Karla rollte sich zur Seite, um von dem fallenden Körper nicht erdrückt zu werden. Ihre Erleichterung dauerte nur kurze Zeit. Ein anderer Mann kam auf sie zu.

Er war hochgewachsen und humpelte. Die Sonne, die in den Graben schien, stand in seinem Rücken, und sein Gesicht lag im Schatten und war nicht zu erkennen. Sie wollte aufstehen, aber sie war immer noch benommen und nach dem Sturz auf den Hinterkopf zu keiner gezielten Handlung fähig.

Der Mann rief sie bei ihrem Vornamen. Es war eine Stimme, die sie seit vielen Jahren nicht mehr gehört hatte.

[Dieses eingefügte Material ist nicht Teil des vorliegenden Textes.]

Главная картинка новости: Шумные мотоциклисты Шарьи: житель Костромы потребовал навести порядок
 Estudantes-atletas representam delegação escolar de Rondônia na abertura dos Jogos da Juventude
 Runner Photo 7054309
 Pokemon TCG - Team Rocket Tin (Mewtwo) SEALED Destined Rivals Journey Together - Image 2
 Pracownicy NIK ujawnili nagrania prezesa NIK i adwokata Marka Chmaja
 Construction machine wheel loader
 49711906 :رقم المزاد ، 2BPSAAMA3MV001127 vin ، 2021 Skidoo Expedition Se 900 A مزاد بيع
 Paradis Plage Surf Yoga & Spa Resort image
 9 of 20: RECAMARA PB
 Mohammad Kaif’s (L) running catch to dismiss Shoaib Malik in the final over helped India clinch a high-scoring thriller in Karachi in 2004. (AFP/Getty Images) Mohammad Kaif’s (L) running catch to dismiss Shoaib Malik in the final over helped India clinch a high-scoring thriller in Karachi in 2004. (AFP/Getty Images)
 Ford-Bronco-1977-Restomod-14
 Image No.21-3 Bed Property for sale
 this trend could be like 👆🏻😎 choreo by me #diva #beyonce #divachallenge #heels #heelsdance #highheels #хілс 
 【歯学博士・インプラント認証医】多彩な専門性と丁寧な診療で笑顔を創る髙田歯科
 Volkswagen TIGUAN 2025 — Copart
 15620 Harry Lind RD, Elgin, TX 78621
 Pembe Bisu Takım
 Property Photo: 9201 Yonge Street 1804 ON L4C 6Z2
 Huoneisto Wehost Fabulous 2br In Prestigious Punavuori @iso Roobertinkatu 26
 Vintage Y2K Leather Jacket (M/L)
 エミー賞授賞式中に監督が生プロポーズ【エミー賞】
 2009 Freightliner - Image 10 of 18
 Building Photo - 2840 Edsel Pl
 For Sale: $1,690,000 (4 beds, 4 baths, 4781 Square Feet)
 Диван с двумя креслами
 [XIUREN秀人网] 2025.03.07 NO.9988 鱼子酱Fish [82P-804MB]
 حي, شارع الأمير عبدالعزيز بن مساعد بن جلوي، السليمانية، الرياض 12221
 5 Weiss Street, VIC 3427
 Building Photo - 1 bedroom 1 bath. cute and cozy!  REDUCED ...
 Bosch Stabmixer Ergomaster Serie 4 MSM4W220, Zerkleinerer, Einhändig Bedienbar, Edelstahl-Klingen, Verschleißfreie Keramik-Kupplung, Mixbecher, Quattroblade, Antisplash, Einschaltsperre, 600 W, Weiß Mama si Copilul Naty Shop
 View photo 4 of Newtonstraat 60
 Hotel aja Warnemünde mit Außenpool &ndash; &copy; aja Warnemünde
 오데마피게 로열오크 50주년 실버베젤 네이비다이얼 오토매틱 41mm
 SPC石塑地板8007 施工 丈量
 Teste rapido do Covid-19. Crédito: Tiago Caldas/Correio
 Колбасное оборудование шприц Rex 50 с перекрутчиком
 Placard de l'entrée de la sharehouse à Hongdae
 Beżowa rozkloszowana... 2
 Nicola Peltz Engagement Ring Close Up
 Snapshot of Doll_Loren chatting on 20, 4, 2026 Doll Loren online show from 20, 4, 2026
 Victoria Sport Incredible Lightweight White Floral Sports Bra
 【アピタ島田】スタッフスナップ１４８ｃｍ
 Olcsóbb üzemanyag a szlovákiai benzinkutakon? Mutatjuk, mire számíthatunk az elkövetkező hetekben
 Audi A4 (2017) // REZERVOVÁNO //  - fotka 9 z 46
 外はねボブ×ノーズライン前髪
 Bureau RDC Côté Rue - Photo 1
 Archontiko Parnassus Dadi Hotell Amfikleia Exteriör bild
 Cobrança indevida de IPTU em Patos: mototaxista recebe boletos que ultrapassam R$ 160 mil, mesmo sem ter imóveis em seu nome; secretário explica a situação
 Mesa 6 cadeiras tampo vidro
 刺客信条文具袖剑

Dann verlor sie das Bewusstsein.

Als sie wieder zu sich kam, beugte der Mann sich über sie, hielt ihren Kopf in den Händen und benetzte ihre schmerzenden Lippen mit Wasser aus einer Feldflasche. Sie erkannte das energische Kinn und die blassblauen Augen, die sie voller Sorge musterten. Sie lächelte, obgleich ihre aufgesprungenen Lippen das mit einem heftigen Schmerz quittierten.

»Onkel Karl?«, fragte sie wie in einem Traum.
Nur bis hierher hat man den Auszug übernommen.